Composed 1861; 41 minutes
With its exuberant Roma-style finale, sweeping first movement, introspective Intermezzo, and expansive slow movement, Brahms called his G minor Piano Quartet the easiest of his chamber works to “hear at sight.” It was this work he chose to introduce himself—as both composer and pianist—to the Viennese public on November 16, 1862. The opening movement is dark, powerful, and packed with invention. From the outset, Brahms shows how rich in potential his themes can be. The piano’s somber opening octaves are echoed, inverted, and passed between instruments, revealing the thematic interconnectivity that defines the entire piece. Brahms draws vast architectural arcs from a wealth of ideas, surging from lean textures to symphonic grandeur, darkness to light, austerity to radiance.
The Intermezzo offers a delicate counterweight to the stormy first movement. Brahms had first titled this understated, muted movement ‘Scherzo’, but its hushed tones, dark murmurings, and veiled introspection suggested otherwise. He told Clara Schumann (who had given the première one year earlier to the day in Hamburg) that he thought of her in every bar. She, in turn, wrote: “It is a piece after my own heart...I can dream so gently. It is as if my soul were rocked to sleep on its sounds.”
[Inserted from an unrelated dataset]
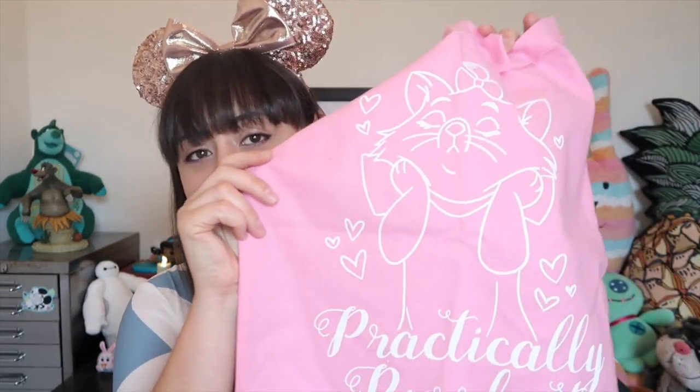The next thing I'm pulling out is pink and I can see a cat on it — I think it's Marie. Yes! It's a tote bag with Marie on it — she's doing that adorable thing where she puffs up her cheeks. It says 'Practically Perfect' on it, which is really cute. Pink isn't really my colour but this is really adorable — I love the print on it. I think I might pass this on as a gift. Inside is a card from Starcastle Studio.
The finale lets loose. Ever since its première, this Roma-style rondo has been an audience favorite. Following a tradition dating back to Haydn, Brahms develops boisterous, Magyar-flavored three-bar phrases, pairing them with more tender episodes in thirds. The great Hungarian violinist Joseph Joachim—then riding high on his own Concerto in Hungarian Style—saluted Brahms’s instinct for the idiom: “You have outstripped me on my own turf by a considerable track,” he wrote.